Wednesday, November 26, 2008

Sequencing Carmen Electra


One byproduct of playing with the Challenge Demo is that I come across some rather surprising results. For example, the rather staidly titled "Cryptic speciation and paraphyly in the cosmopolitan bryozoan Electra pilosa—Impact of the Tethys closing on species evolution" (doi:10.1016/j.ympev.2007.07.016) starts to look a whole lot more interesting given the taxon treemap (right).

The girl is Carmen Electra, which is understandable given the Yahoo image search was for "Electra" (a genus of bryozoan). However, what are the wild men (and women) doing at the top? Turns out this is the result of searching for the genus Homo. But why, you ask, does a paper on bryozoans have human sequences? Well, looks like the table in the paper has incorrect GenBank accession numbers.
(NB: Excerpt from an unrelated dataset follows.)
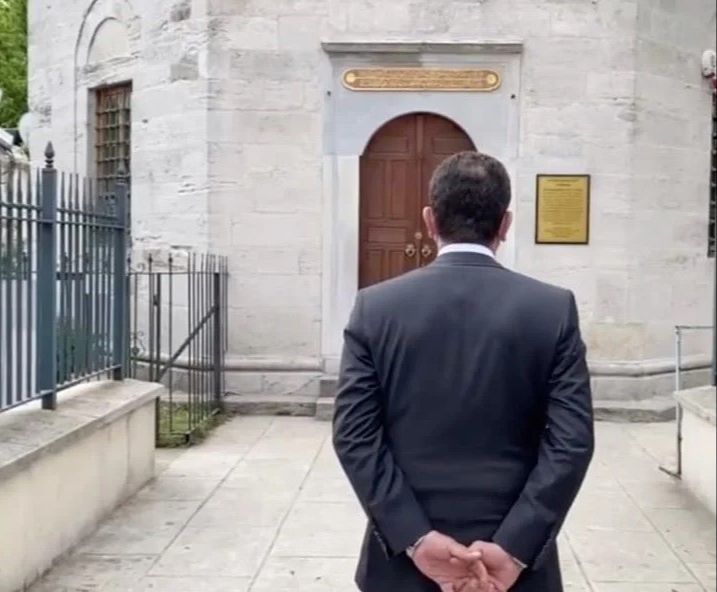 İstanbul'un fethi Fatih Sultan Mehmed'in kabri başında dualarla kutlandı! - 2. Resim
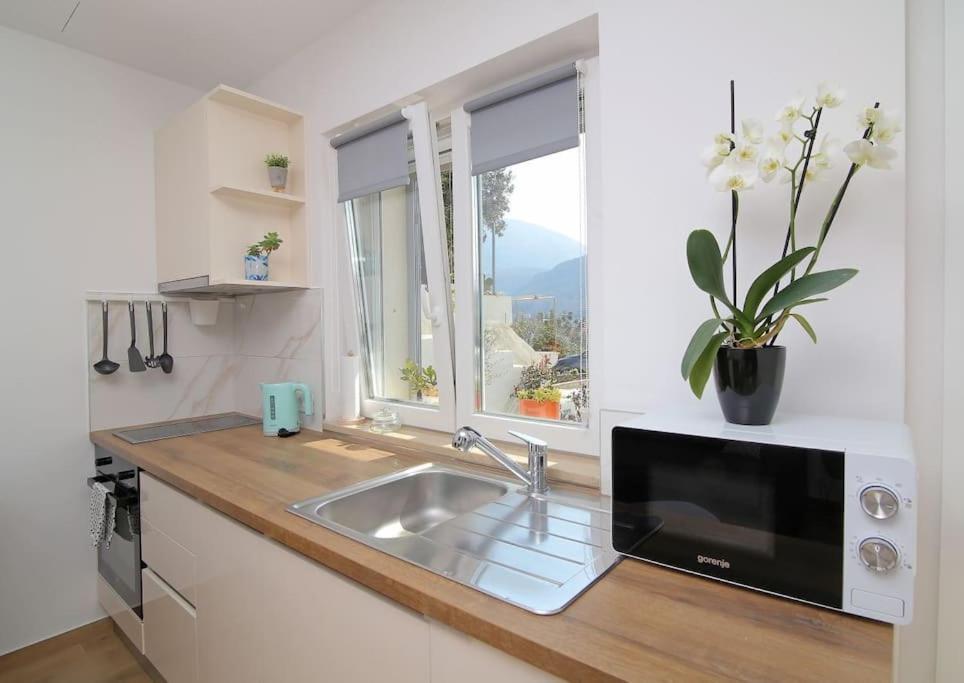 Studio Apartman Karlita photo 3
The sequences AJ711044-50 should, I'm guessing, be AJ971044-50.

Ironically, although it was Carmen Electra's photo that initially made me wonder what was going on, it's really the hairy folks above her image that signal something is wrong. I've come across at least one other example of a paper citing an incorrect sequences, so it might be time to automate this checking. Or, what is probably going to be more fun, looking at treemaps for obviously wrong images and trying to figure out why.

3 comments:

Javier de la Torre said...

There are two issues on your post:

1) Incorrect Genbank accession numbers
2) Using Yahoo, Flickr or Google to find pictures for scientific names is not ideal.

Regarding the second I have the same problem when trying to generate taxonomic trees with images. I developed a little project to ask people to help me identify pictures that are actually good for representing a taxon. You can see it at:
http://biodivertido.blogspot.com/2008/10/identifying-good-images-on-google-cache.html

If you want I can give you access to the API on top of this. You might get better results there, but still is very immature.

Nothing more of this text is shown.